Member of Assam Legislative Assembly
- In office 21 May 2021 – 6 May 2026
- Preceded by: Angoorlata Deka
- Succeeded by: Constituency abolished
- Constituency: Batadroba

Personal details
- Born: 1 January 1963 (age 63)
- Party: Indian National Congress
- Parent: Kiran Bora (father);
- Relatives: Golap Borbora (father in law)
- Profession: Politician

= Sibamoni Bora =

Indian politician

Sibamoni Bora (born 1 January 1963) is an Indian politician and member of Indian National Congress from Assam. She was an MLA, elected from the Batadroba constituency in the 2021 Assam Legislative Assembly election.

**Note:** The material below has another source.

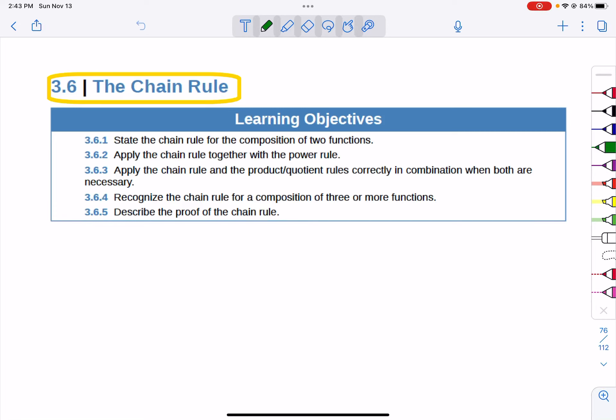In Lesson 3.6, we're going to explore the chain rule. The chain rule is really important because there are times where we have a composition of functions where the rules we have so far will not allow us to find the derivative without it. It's going to be really important that we understand what the chain rule is. This text does a few things a little different, but I'll point those out and show you what I think is most important.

== Early life and education ==
Bora is the daughter of former MLA of Batadroba, Kiran Bora. She has an M.Sc from Gauhati University in 1982, and a B.Sc from Nowgong College in 1980. She is the daughter in law of former Assam Chief Minister Golap Borbora.

== Political career ==
In the 2021 Assam Legislative Assembly election, Bora was the Indian National Congress candidate for Batadroba, the same constituency her father had previously represented. She received 84278 votes, 60.02% of the total vote. She defeated the incumbent MLA, Angoorlata Deka, by 32820 votes.